:: Activity ::
Starting at the line with "甘南S22-250KVA/10KV变压器", return every line through the final one of the data, word for word. Pictures stay out.

:: Exercise materials ::
= = = = =
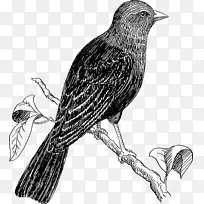 鸟画线艺术剪辑艺术-栖息乌鸦覆盖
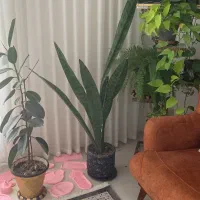 گل طبیعی|گل و گیاه طبیعی|گلبهار, شهر جدید گلبهار|دیوار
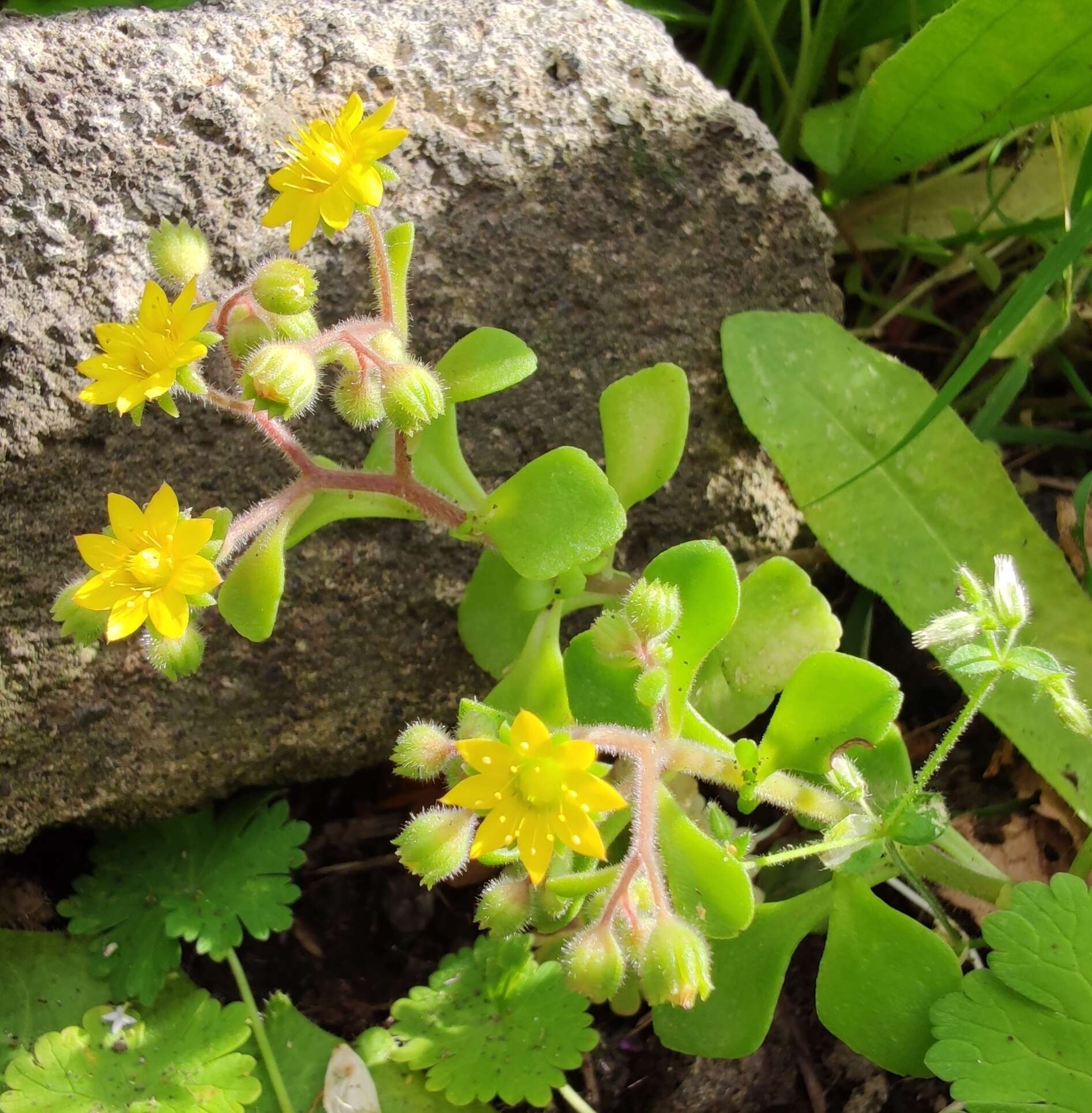 Image of Aichryson punctatum (Chr. Sm.) Webb & Berth.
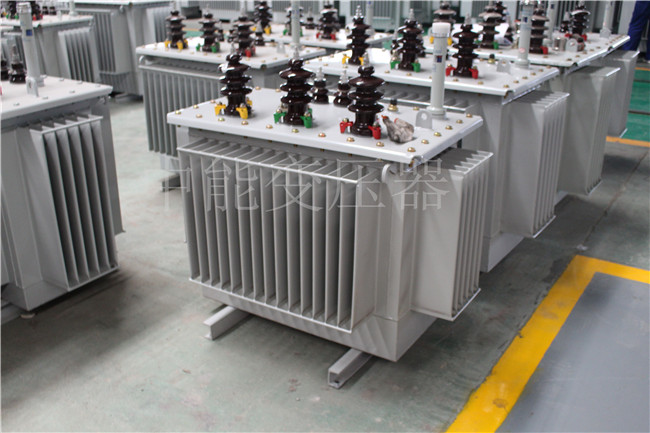 甘南S22-250KVA/10KV变压器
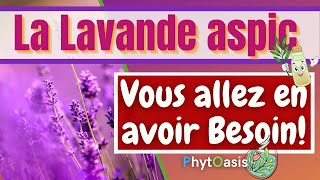 Brûlure Piqûre Douleurs et infections comment utiliser lHuile Essentielle de Lavande Aspic [upl. by Naletak17]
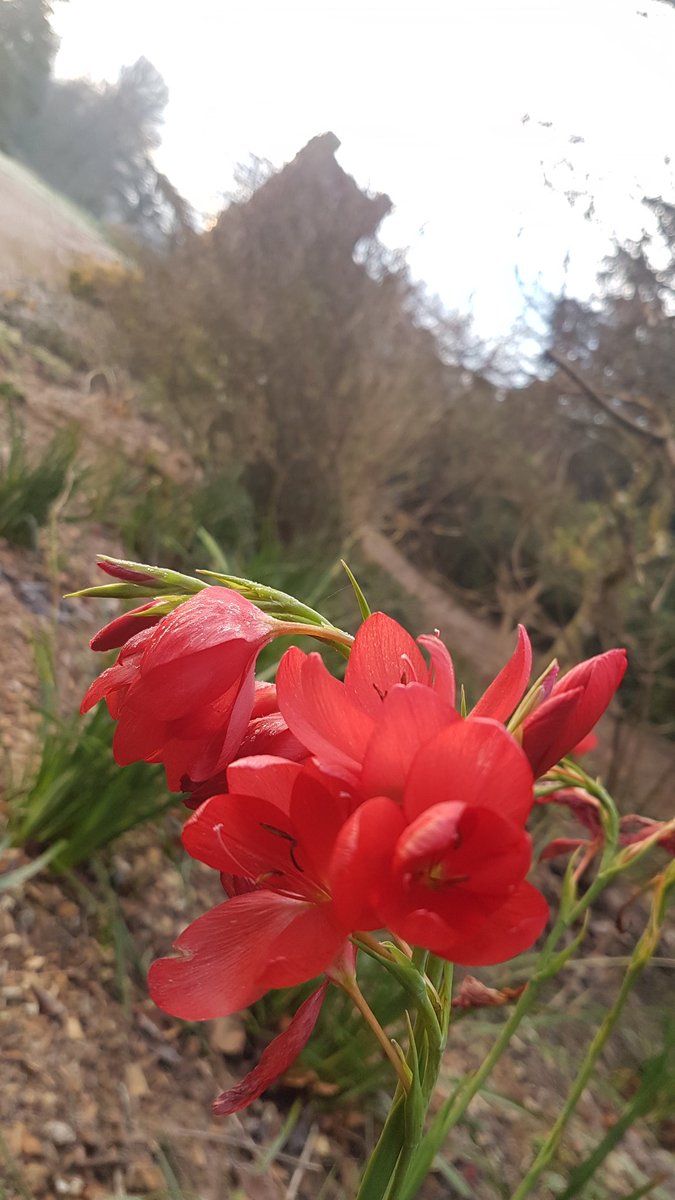 Hesperantha 'major' still has bright red blooms into January #horticulture #flowers #garden #gardening #FridayMotivation #FridayThoughts #dorset #visitdorset #visitwestdorset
= = = = =
:: Answer to this exercise ::
 甘南S22-250KVA/10KV变压器
 Brûlure Piqûre Douleurs et infections comment utiliser lHuile Essentielle de Lavande Aspic [upl. by Naletak17]
 Hesperantha 'major' still has bright red blooms into January #horticulture #flowers #garden #gardening #FridayMotivation #FridayThoughts #dorset #visitdorset #visitwestdorset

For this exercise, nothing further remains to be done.